### RECORD EXCERPTS
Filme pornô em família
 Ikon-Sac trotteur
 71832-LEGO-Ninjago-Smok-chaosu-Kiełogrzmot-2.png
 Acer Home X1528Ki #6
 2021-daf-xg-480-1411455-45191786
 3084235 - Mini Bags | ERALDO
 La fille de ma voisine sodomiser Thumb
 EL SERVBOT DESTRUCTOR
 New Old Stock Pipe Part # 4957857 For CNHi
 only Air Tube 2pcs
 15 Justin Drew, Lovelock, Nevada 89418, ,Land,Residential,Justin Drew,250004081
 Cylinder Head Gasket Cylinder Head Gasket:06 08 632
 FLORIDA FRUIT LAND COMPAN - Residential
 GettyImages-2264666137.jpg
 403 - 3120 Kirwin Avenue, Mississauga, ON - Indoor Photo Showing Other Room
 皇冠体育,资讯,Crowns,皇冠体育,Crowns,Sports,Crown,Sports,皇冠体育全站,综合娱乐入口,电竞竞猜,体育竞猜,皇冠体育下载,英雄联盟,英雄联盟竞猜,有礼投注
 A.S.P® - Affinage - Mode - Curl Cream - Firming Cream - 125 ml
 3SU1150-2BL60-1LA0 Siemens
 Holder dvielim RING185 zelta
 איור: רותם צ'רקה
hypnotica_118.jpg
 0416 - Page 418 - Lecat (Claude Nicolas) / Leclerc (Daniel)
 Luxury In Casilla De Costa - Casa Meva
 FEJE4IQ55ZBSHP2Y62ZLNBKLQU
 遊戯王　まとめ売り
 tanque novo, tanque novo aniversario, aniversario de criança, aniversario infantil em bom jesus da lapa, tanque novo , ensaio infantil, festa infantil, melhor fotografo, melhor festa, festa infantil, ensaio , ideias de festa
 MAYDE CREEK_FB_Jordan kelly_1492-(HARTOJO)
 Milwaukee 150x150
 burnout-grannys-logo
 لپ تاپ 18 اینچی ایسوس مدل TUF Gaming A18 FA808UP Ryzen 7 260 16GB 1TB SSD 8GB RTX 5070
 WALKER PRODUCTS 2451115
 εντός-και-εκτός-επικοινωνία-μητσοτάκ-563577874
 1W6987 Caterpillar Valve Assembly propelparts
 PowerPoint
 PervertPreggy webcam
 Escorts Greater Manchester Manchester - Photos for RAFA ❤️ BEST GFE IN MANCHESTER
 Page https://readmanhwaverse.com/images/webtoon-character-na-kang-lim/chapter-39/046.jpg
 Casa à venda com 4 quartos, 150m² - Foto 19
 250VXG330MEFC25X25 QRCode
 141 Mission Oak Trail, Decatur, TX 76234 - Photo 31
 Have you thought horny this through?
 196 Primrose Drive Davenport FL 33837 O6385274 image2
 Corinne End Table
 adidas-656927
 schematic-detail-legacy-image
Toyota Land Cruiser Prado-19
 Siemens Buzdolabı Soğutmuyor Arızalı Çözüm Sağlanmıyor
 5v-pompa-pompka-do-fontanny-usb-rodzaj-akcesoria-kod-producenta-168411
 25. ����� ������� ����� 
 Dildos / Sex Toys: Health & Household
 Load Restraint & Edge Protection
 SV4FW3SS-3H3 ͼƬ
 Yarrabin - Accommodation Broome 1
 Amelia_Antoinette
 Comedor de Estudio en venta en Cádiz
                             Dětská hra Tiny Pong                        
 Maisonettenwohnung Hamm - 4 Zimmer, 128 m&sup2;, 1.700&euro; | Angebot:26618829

### WORK ITEM
Each line in the records above that contains the word "Residential" must be copied.

### PROBLEM SOLUTION
 15 Justin Drew, Lovelock, Nevada 89418, ,Land,Residential,Justin Drew,250004081
 FLORIDA FRUIT LAND COMPAN - Residential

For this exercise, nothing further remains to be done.